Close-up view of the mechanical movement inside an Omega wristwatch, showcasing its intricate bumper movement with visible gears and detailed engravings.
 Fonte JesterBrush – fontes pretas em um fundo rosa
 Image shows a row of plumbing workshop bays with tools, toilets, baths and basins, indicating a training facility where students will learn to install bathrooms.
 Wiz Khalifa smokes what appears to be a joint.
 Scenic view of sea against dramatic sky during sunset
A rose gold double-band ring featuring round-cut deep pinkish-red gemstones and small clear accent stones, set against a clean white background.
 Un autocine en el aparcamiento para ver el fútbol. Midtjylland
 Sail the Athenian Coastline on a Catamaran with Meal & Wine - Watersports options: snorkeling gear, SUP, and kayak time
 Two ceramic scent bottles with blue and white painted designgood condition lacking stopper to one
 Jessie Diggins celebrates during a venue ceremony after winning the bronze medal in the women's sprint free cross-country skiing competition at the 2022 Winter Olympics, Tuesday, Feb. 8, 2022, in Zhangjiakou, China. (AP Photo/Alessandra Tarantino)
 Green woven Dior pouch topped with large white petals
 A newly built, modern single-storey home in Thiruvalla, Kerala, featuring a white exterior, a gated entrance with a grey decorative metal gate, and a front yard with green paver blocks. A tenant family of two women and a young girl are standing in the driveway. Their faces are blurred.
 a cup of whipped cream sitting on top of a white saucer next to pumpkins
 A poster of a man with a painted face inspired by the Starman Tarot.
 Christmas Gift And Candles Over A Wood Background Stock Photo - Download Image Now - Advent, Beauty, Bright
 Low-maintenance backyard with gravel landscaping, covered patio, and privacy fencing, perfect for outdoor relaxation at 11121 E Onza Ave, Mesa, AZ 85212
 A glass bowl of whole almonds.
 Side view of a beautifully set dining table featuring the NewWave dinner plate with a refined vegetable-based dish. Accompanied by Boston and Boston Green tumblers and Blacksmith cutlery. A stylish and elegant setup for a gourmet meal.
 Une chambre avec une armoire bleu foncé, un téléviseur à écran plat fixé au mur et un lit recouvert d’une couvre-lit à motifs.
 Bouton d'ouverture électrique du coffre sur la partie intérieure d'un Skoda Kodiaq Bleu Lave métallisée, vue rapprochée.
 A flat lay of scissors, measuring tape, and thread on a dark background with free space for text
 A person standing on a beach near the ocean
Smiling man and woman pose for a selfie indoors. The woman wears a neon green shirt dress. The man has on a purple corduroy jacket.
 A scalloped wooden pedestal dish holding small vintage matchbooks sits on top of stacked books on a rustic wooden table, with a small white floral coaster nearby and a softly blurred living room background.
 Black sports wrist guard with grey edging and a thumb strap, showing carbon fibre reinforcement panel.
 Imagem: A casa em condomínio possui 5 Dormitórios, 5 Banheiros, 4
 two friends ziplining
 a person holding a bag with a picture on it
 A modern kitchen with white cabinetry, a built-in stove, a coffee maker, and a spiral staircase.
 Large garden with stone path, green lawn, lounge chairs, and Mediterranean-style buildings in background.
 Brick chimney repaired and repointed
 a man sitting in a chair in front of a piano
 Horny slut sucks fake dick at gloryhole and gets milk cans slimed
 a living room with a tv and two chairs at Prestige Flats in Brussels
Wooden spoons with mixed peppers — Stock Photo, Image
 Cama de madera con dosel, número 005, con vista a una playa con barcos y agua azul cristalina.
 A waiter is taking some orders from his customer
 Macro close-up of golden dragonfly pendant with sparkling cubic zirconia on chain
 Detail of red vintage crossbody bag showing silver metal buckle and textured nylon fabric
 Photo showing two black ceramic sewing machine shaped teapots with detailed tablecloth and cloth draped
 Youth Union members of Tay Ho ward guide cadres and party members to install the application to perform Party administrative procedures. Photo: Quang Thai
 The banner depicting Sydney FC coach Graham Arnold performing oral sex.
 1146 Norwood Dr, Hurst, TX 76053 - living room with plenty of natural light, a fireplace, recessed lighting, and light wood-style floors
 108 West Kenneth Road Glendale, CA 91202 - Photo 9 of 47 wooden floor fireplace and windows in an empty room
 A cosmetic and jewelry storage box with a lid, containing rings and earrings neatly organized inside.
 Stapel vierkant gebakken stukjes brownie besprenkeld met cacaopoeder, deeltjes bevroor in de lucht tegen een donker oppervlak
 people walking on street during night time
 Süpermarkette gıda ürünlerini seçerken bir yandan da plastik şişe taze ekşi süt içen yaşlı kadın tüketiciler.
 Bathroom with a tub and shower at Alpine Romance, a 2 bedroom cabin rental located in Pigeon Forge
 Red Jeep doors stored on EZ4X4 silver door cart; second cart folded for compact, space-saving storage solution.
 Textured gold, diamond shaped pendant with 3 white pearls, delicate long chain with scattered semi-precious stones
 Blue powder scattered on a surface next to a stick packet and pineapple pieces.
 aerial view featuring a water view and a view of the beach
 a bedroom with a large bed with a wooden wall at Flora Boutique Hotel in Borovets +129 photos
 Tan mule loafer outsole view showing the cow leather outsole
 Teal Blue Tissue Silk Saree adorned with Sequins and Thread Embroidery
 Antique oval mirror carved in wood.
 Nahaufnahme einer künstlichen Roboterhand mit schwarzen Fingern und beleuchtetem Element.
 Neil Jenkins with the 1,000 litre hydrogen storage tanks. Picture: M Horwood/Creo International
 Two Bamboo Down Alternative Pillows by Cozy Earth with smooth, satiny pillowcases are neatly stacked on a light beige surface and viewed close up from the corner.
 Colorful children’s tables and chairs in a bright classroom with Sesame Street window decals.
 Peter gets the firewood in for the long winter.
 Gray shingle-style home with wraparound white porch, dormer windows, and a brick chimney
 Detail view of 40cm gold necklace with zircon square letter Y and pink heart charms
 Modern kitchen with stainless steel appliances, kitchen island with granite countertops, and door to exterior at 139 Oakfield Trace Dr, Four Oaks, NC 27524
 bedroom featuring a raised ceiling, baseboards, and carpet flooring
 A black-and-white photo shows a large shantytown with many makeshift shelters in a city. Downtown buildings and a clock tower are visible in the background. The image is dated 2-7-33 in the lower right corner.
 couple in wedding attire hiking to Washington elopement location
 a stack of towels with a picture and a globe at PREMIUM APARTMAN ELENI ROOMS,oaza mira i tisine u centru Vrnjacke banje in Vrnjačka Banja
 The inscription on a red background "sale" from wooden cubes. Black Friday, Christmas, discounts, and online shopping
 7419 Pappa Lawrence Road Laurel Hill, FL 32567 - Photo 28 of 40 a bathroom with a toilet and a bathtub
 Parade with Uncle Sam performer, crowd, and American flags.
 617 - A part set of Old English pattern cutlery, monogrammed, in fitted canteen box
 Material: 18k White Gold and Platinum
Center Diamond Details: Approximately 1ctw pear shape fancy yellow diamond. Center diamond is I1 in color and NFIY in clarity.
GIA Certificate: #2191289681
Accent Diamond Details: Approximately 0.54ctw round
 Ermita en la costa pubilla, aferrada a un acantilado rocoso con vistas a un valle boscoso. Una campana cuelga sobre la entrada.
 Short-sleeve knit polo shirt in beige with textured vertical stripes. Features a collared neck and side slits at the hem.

Work task » Using the entries above, repeat only the lines from the one containing "a stack of towels" through the one containing "7419 Pappa Lawrence", end lines included.

Answer to the problem »
 a stack of towels with a picture and a globe at PREMIUM APARTMAN ELENI ROOMS,oaza mira i tisine u centru Vrnjacke banje in Vrnjačka Banja
 The inscription on a red background "sale" from wooden cubes. Black Friday, Christmas, discounts, and online shopping
 7419 Pappa Lawrence Road Laurel Hill, FL 32567 - Photo 28 of 40 a bathroom with a toilet and a bathtub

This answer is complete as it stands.